Josh Kratka of the National Environmental Law Center says the settlement comes after U.S. Magistrate Judge Robert C. Mitchell ruled against the company in March and set a trial date for June 1st to determine the penalty. Pennsylvania's Department of Environmental Protection had a side agreement with GenOn since 2004 allowing the company to postpone compliance with the law, but Judge Mitchell did not excuse the violations. Kratka says such side agreements are not unusual in the state or in the rest of the country.
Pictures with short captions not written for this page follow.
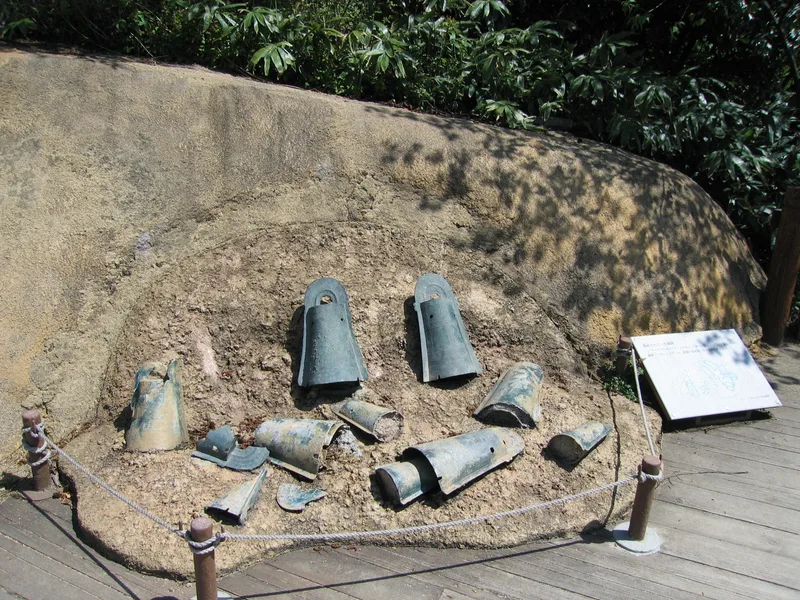 銅鐸の埋葬状態の復元展示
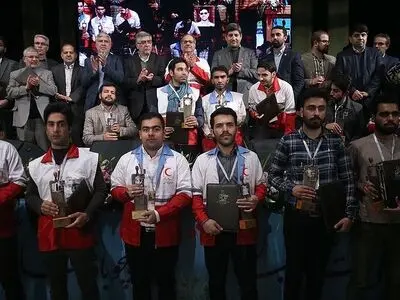 اعطای تندیس ملی فداکاری به  جوانان هلال احمر خوزستان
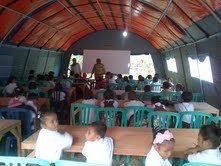 Senyum Siswa Sekolah Darurat yang Berdiri di Tengah Hutan Maluku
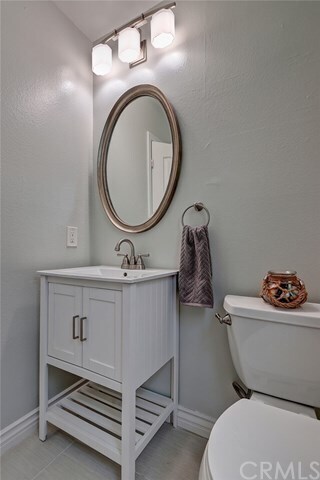 Building Photo - 323 S Broadway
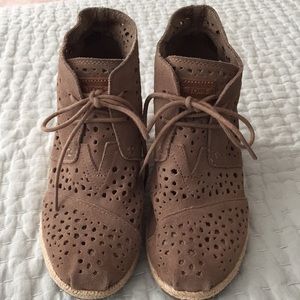 TOMS Women’s wedge heel boots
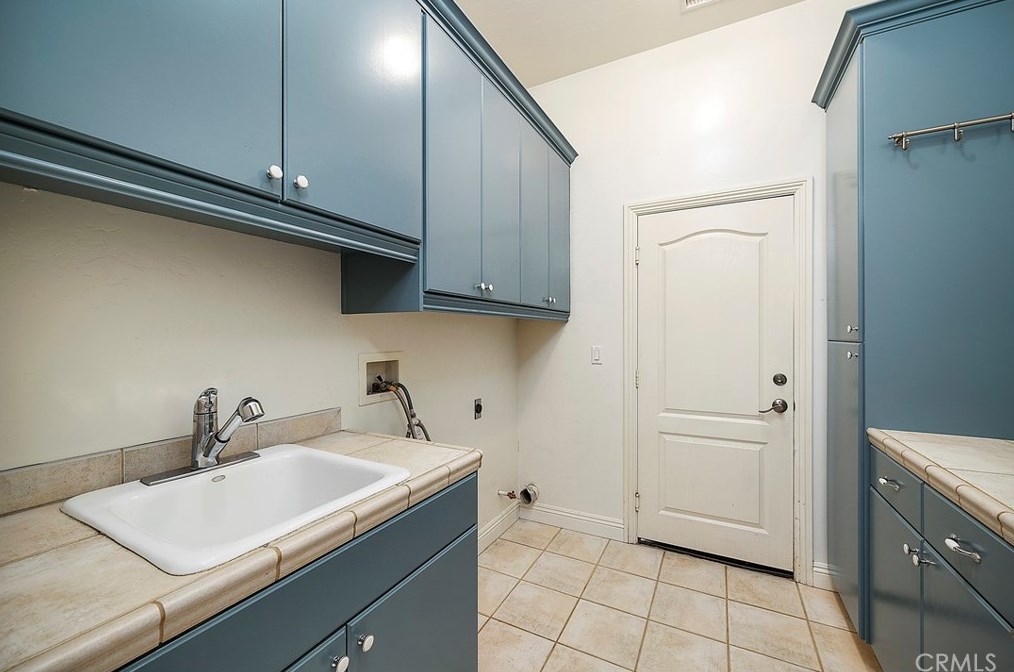 39099 Calle Jojoba, Temecula CA  92592-8013 exterior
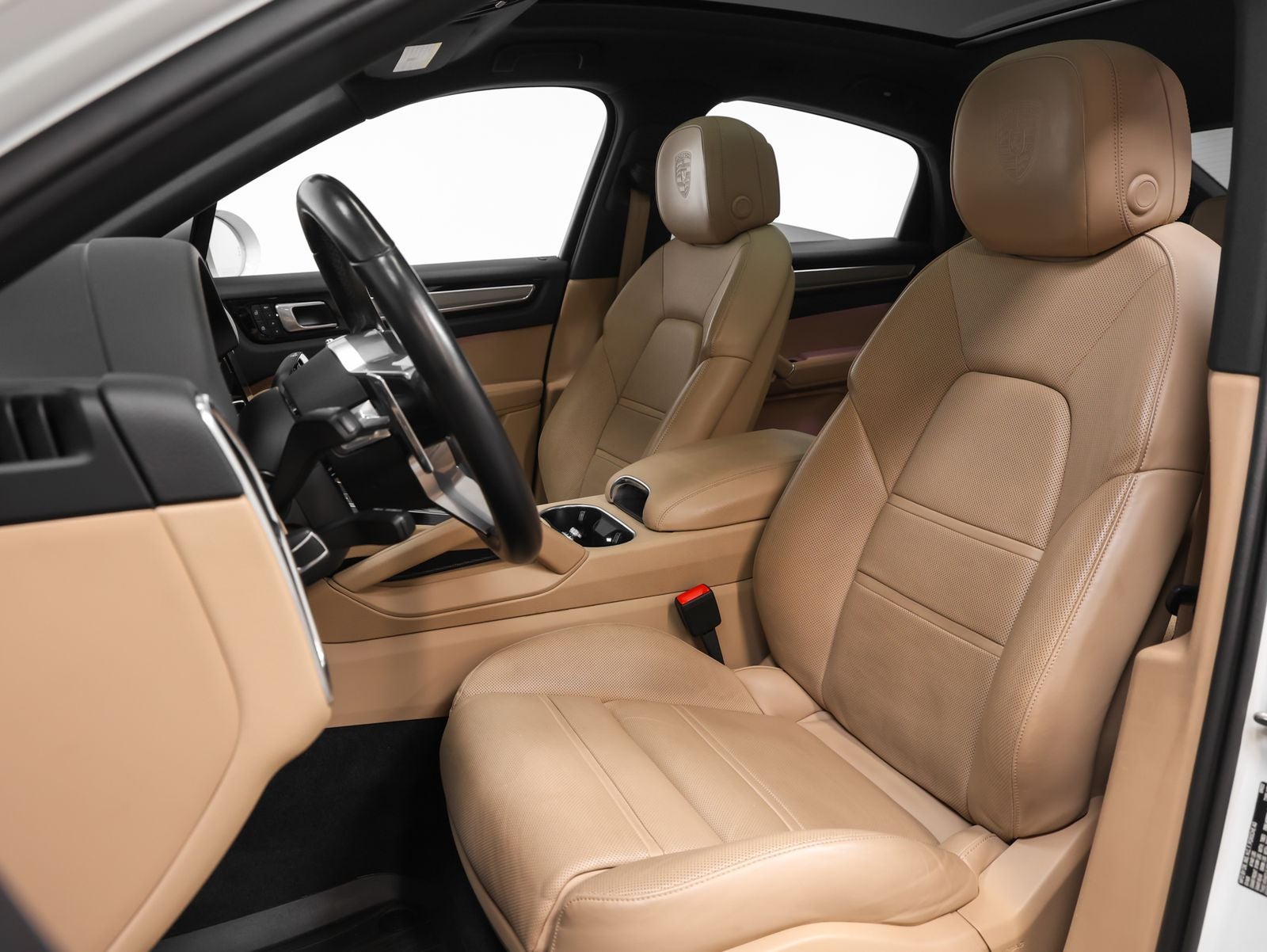 2023 Porsche Cayenne Coupe Platinum Edition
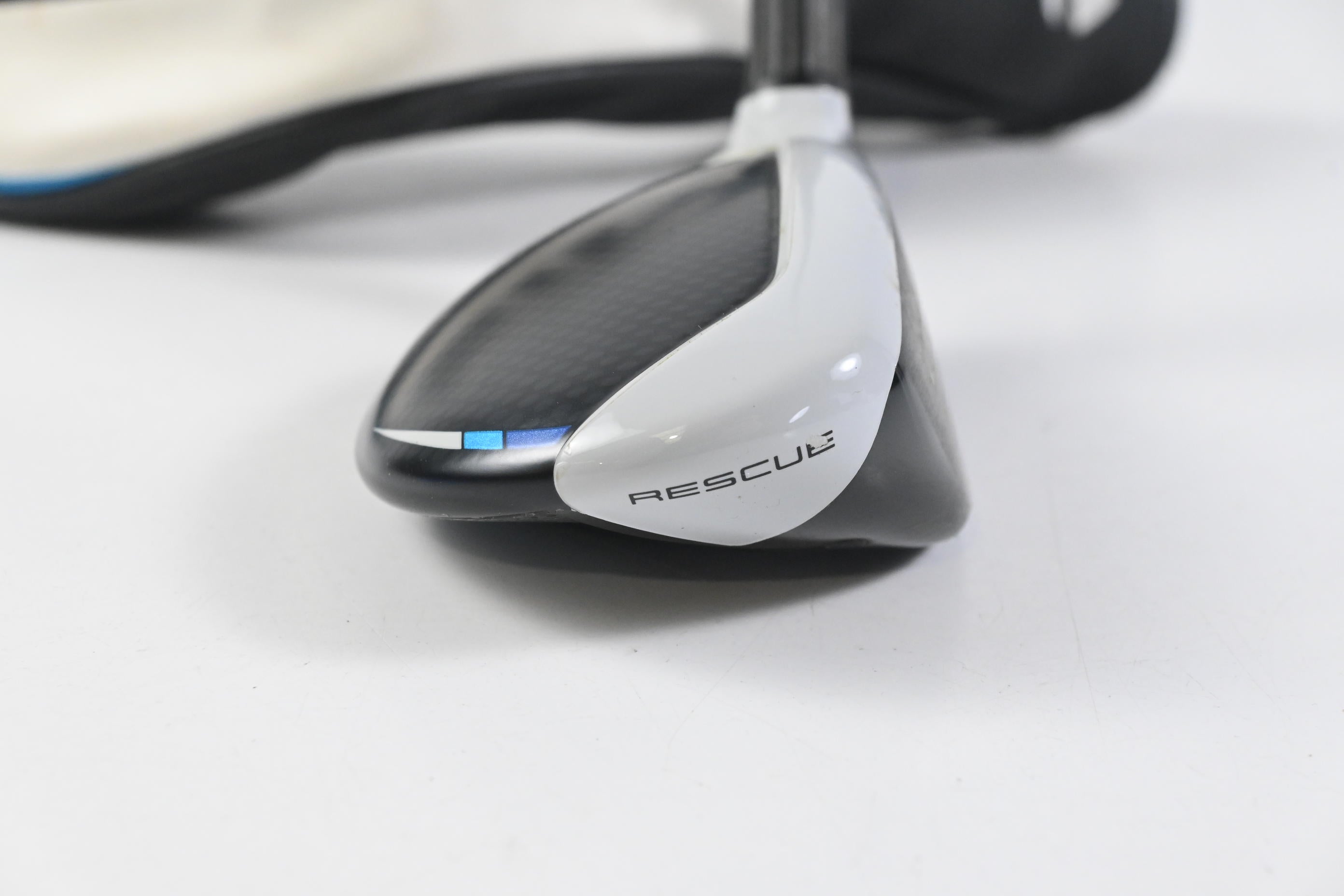 Taylormade SIM2 Max #3 Hybrid / 19 Degree / Regular Flex Fujikura Ventus Blue 6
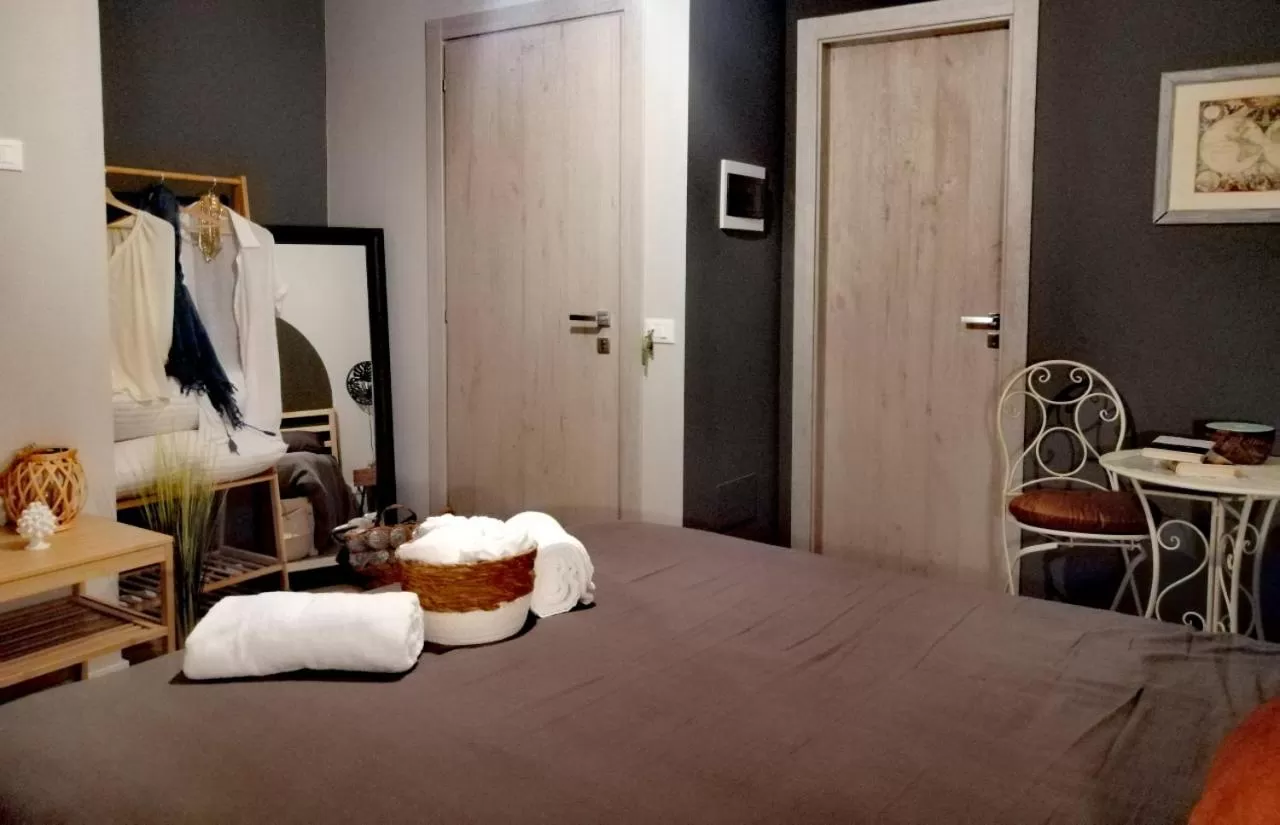 Photo of the whole room, Bed in B&B DOMUS 65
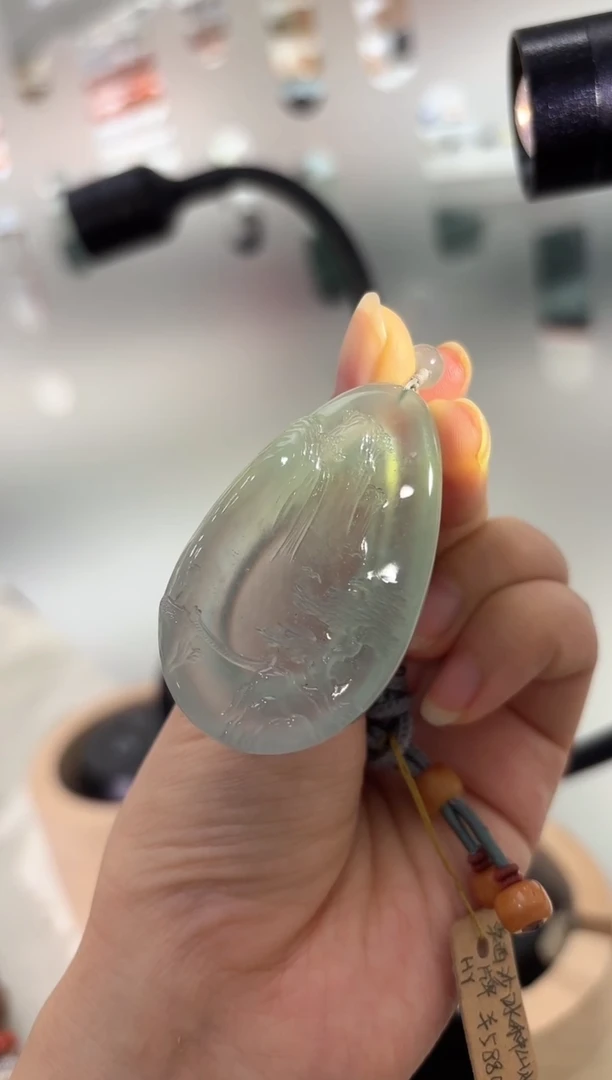 吊坠(不含链)未镶嵌翡翠山水吊坠多人不退不换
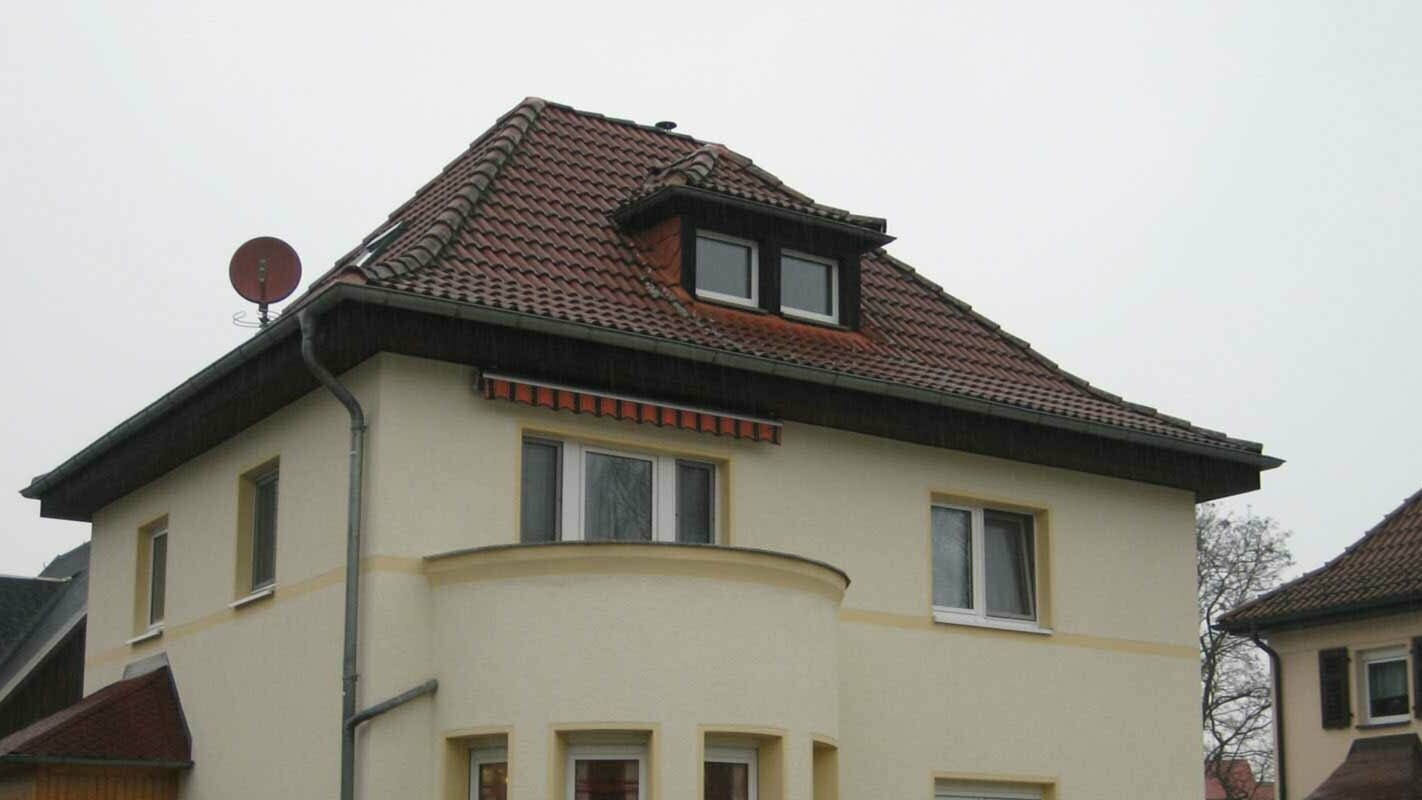 Toit à croupes avant la rénovation de toiture à l’aide de bardeaux de toiture PREFA, lucarne incluse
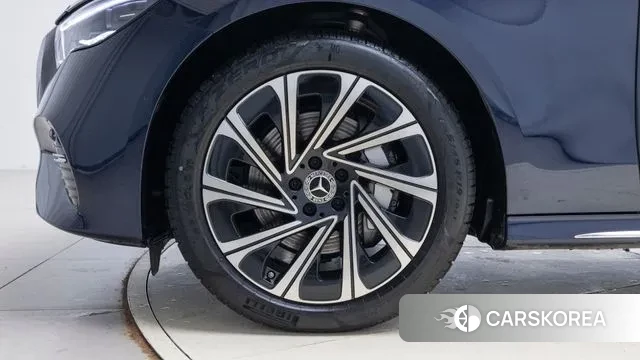 Mercedes-Benz E-Class W214 id 2938920 из Кореи 12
The environmental groups hope this largest penalty ever in Pennsylvania and one of the largest in the country will send a message that pollution doesn't pay.
Kratka says the technology that could have prevented the illegal discharges into the river has been available for years, and GenOn has been able to postpone the installation expense until now.
The settlement goes to Judge Mitchell and the EPA for final approval.